Hacker News new | ask | show | jobs
by shpongled 3254 days ago
One of the main benefits is that data (financial transactions, healthcare records, etc) stored on the blockchain is immutable, decentralized, trustless, and cryptographically signed
1 comments

http://www.dictionary.com/browse/trustless

How is the average person going to respond when they hear a new form of money is "trustless"? (I know what it really means in this context, but think about slope of adoption).

They'll probably respond in the same way they respond to hearing about TCP handshakes. They won't. The implementation details are unimportant to the end user.

Just like today you probably don't ask your doctor the details about how they securely store your health records, nor do you talk to your bank about how they clear transactions.

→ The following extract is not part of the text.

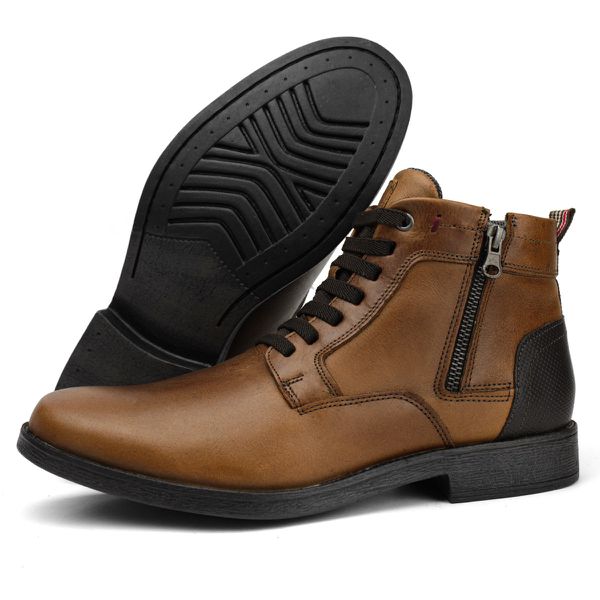 Bota Masculina Urbana Casual Boxer Couro Legítimo Mostarda Café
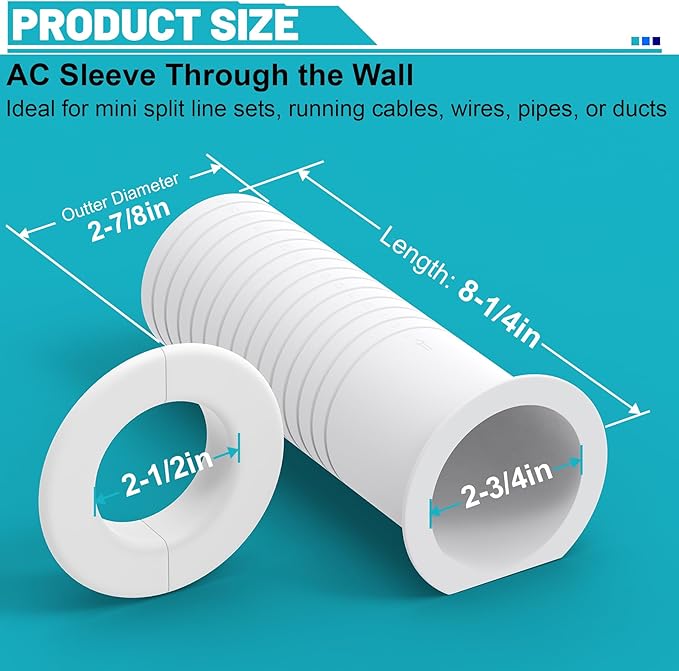 Mini Split Cover Wall Sleeve for AC Line Set, Line Set Covers for Outside Units, Mini Split Line Set Cover for Air Conditioning Systems, AC Sleeve Through The Wall, Pipe Accessories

You don't need to know about TCP handshakes to use the Internet. You do need to be sold on the benefits of cryptocurrencies to start using one (other than that the price for them is going up).
This thread is about blockchains not crypto-currencies. The fact the two are conflated as frequently as they are is quite unfortunate.

A great use case is in EHR. Your doctor, your insurance company, and all their BAAs participate in private block chain that controls access to your records. Any time a record is accessed, the chain is updated.

That's actually a horrible use case, becayse, while it is essential that covered entities track and be accountable for access to a record, the details of that access itself leak information to which access should be minimized, but instead it unnecessarily leaks across organizational boundaries to people who have no legitimate need for it.
Not all parties have the access to the plaintext of all messages on the chain. An example of such a permissioned blockchain is JP Morgan's Quorum.

Nodes can participate in establishing consensus without having the ability to decrypt the record.